Titolo: Tra rabbia e passione (cronaca di una torbida relazione fra trulli ed onore)
Autori: Annina e Giusipoo
Pairing: Diego Perrone/Michele Salvemini
Genere: AU/Storico/Commedia/Erotico/Romantico/Introspettivo
Storyline: Fine anni settanta
Rating: PG, slash, rigorosamente NC 17
Disclaimer: si intenda tutto frutto della fantasia e del talento delle autrici. In verità i personaggi sono originali, abbiamo preso in prestito i nomi per ispirazione artistica e basta
Capitolo 11
E
Michele lo fece a modo suo. E per Diego fu parecchio brutale ma, sembrerà un
ossimoro, anche dolce e fuor di dubbio intenso. Bellissimo. Lo trascinò nella
sua stanza senza chiudersi la porta alle spalle. Lo spogliò rabbiosamente e,
una volta che il ragazzo fu nudo e alla sua mercé, lo sbatté su letto senza
riguardi. Diego respirava a fatica: erano nudi finalmente, niente li divideva.
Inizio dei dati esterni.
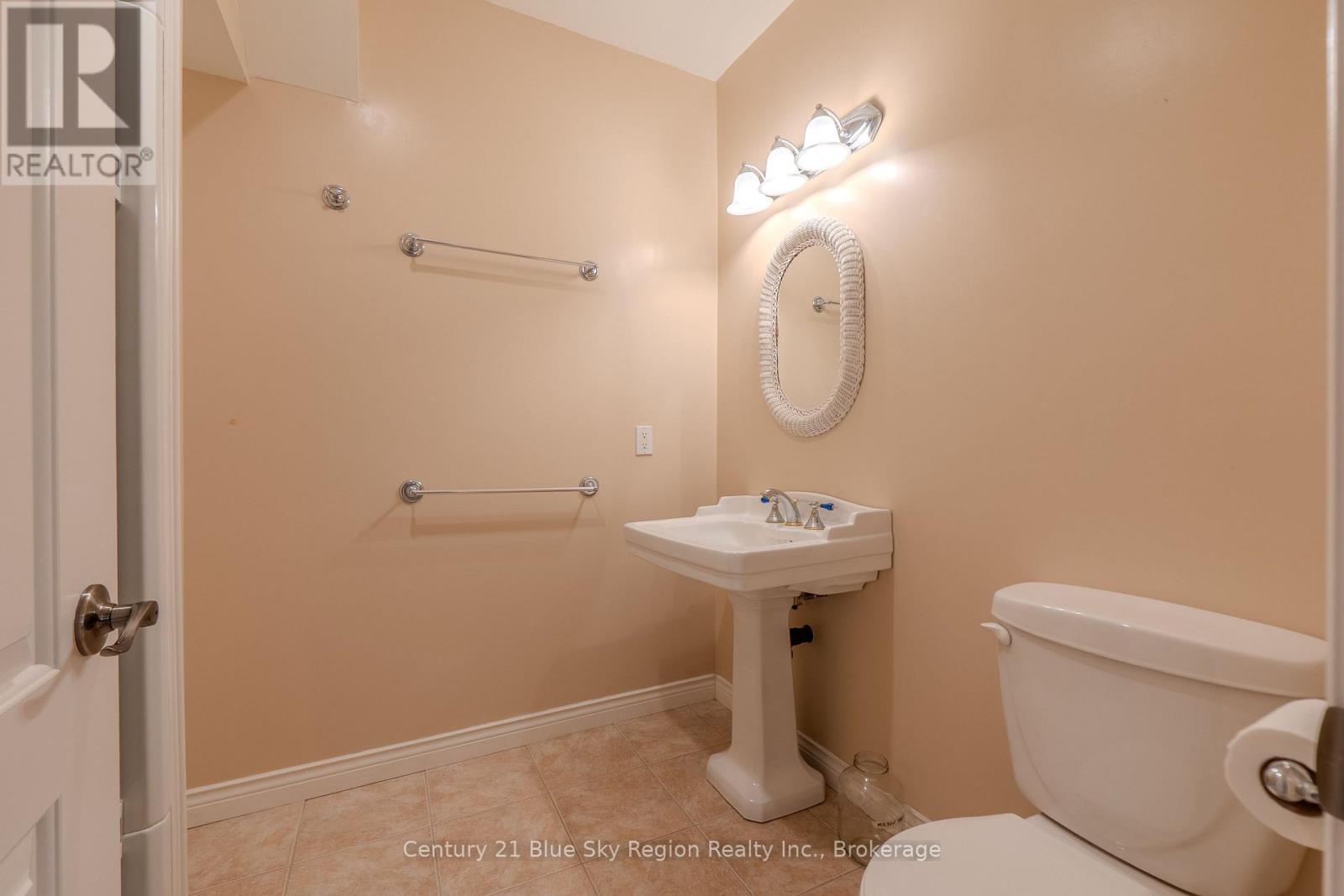 304 OSPREY CRESCENT - 28
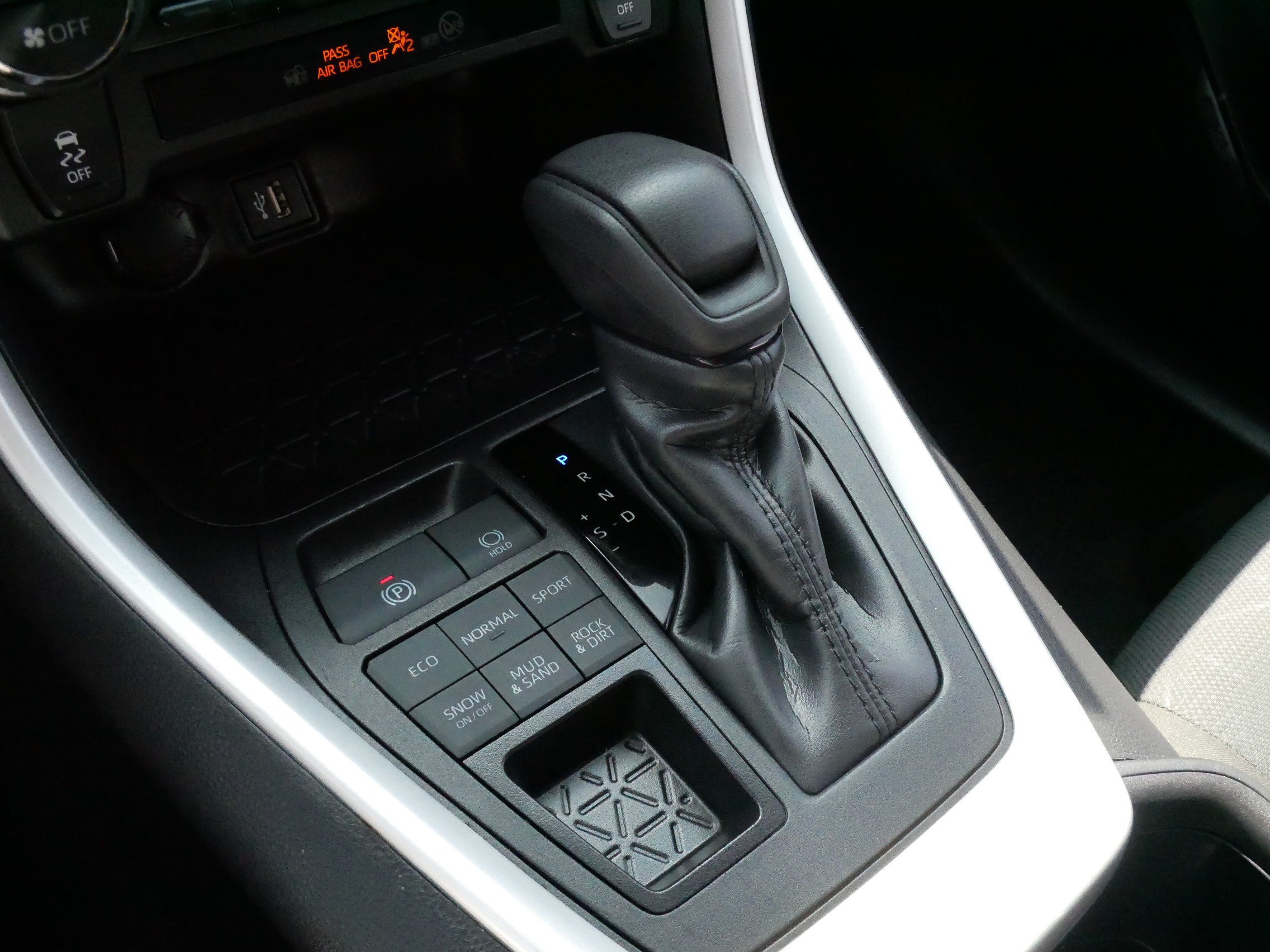 Certified 2025 Toyota RAV4 XLE AWD/4WD image 24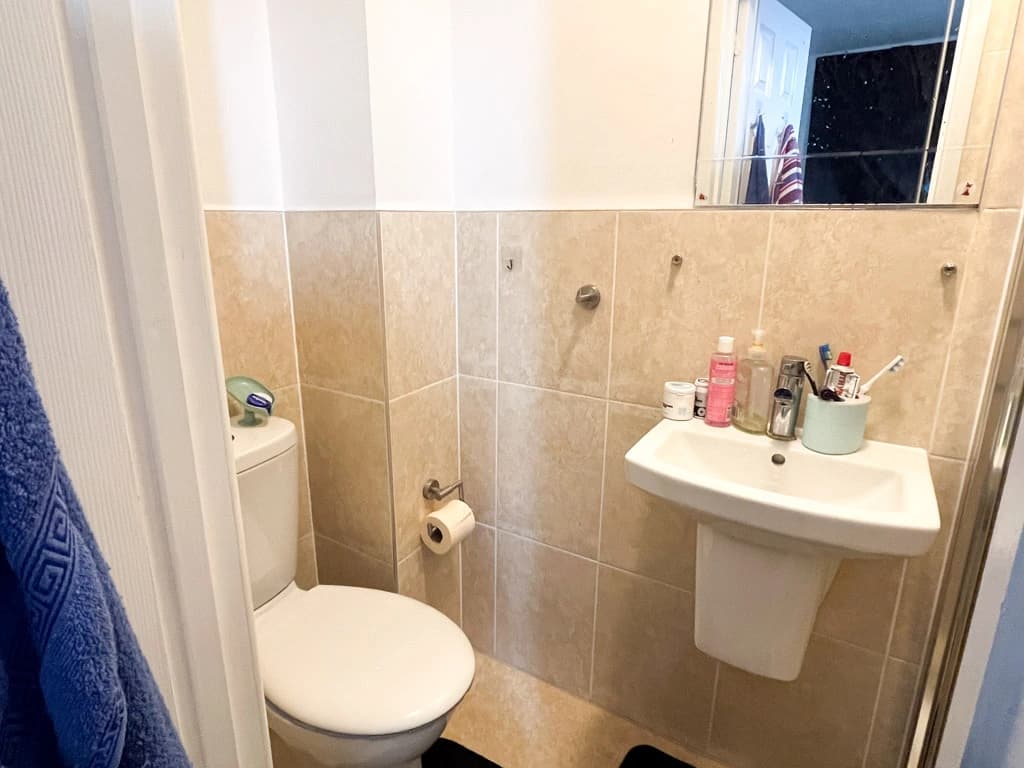 property photo 6 of 20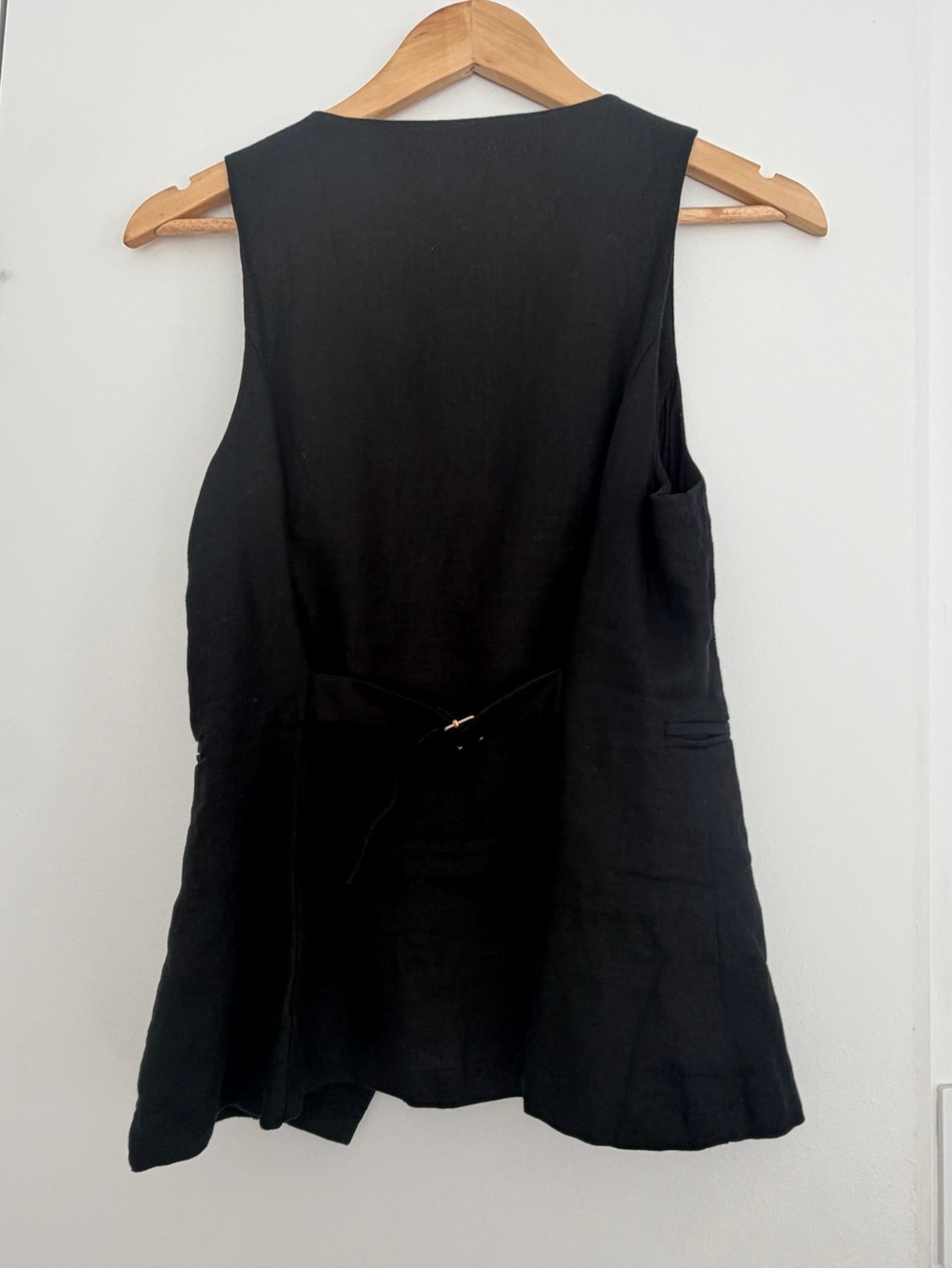 Reformation Aspen linen Black Tailored Sleeveless Vest with Gold Buttons - Picture 3 of 7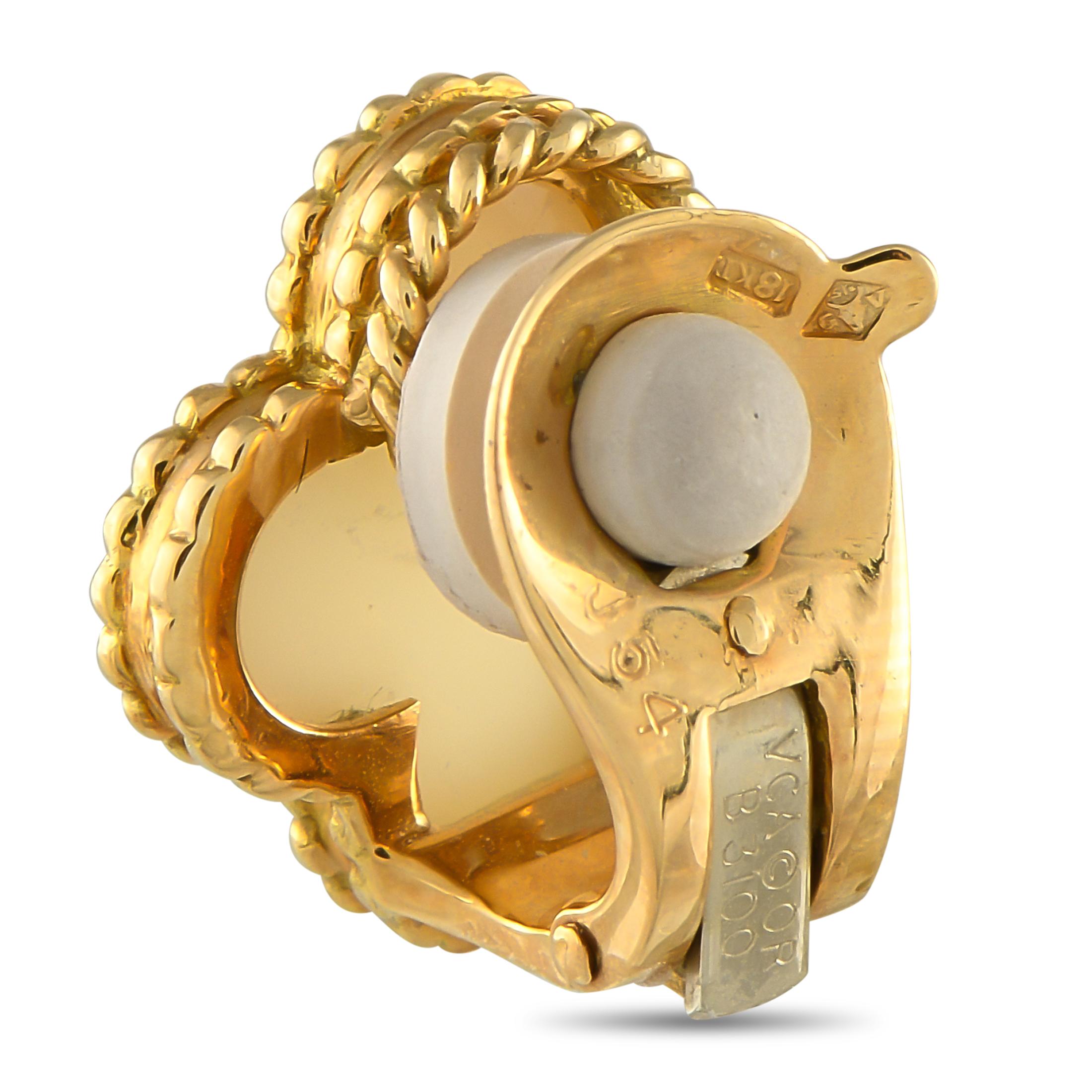 Diese gelbgoldenen Clip-Ohrringe mit dem ikonischen vierblättrigen Kleeblattmotiv von Van Cleef & Arpels sind mit einer weißen Koralleneinlage versehen, die die schlichte Schönheit perfekt einfängt. Dieses Paar Van Cleef & Arpels Vintage 18K Yellow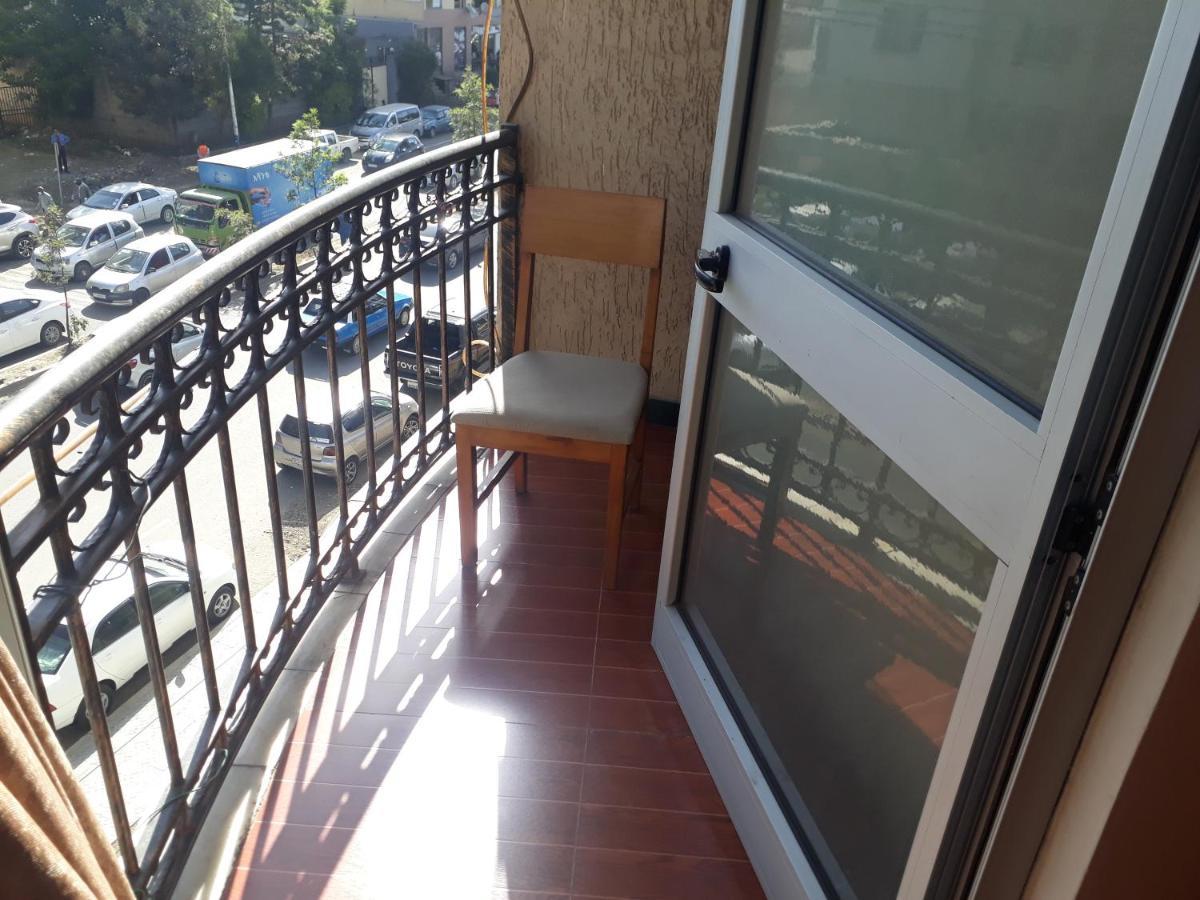 Bruhway Hotel Addis-Abeba Extérieur photo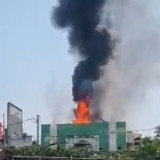 Gedung Ponpes Al Hikmah Jombang Terbakar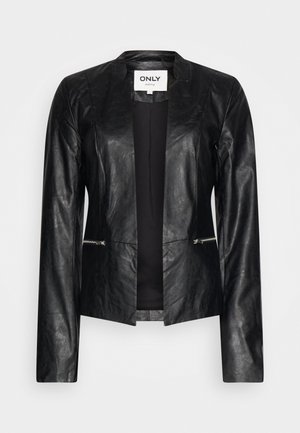 Blazer noir en similicuir à ouverture frontale, manches longues et petites poches zippées sur les côtés, présenté sur un fond uni.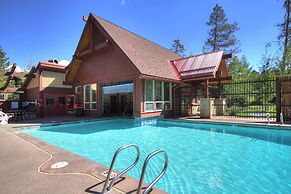 Chimney Ridge 504 3 Bedroom Townhouse by RedAwning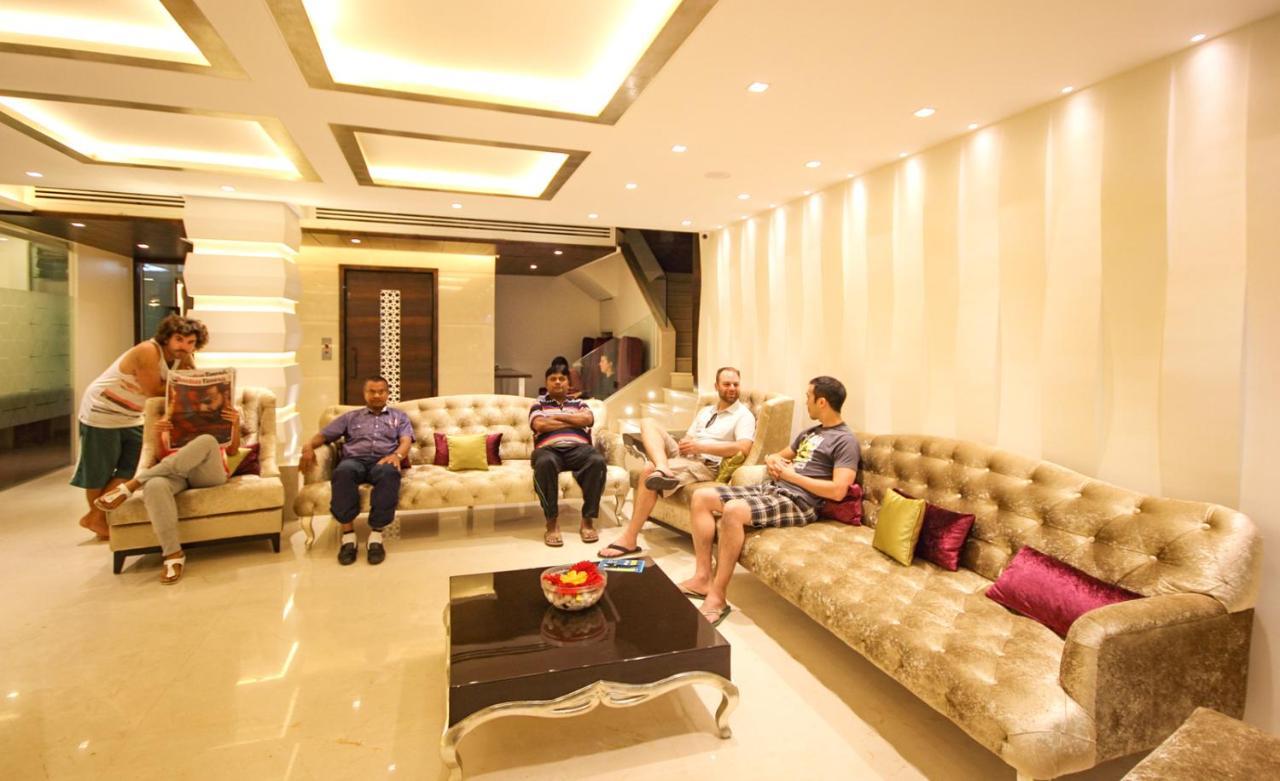 Hotel Supreme - Cuffe Parade Bombaim Exterior foto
“Girati” e Diego obbedì mettendosi a pancia in sotto. Per un attimo Michele
tentennò di fronte alle natiche perfette, chiare, così attraenti, il desiderio
del mondo. Pensò a quante volte lo aveva fantasticato quel momento, prima di
venire, pentendosi un attimo dopo essersi svuotato. E ora stava accadendo sul
serio. Poteva riuscirci senza morire di piacere, o di dolore? Non era poi importante. Gli si buttò addosso
maldestramente. La sua guancia destra l’attaccò alla sinistra di Diego. Ma i
corpi non erano nati per incastrarsi così, alla minima sfregata e Michele
dovette crearsi un varco con le dita e la saliva. Non c’era niente di tanto
nuovo nemmeno in questo, si disse, al
culo l’ho messo tante volte, solo che
davanti non c’era un uccello. Aveva sempre pensato che fosse una roba animale
quella, che un uomo degno di questo nome mai e poi mai avrebbe dovuto fare ad
un altro quella cosa; era un gesto vile, schifoso. Ma Diego era consenziente.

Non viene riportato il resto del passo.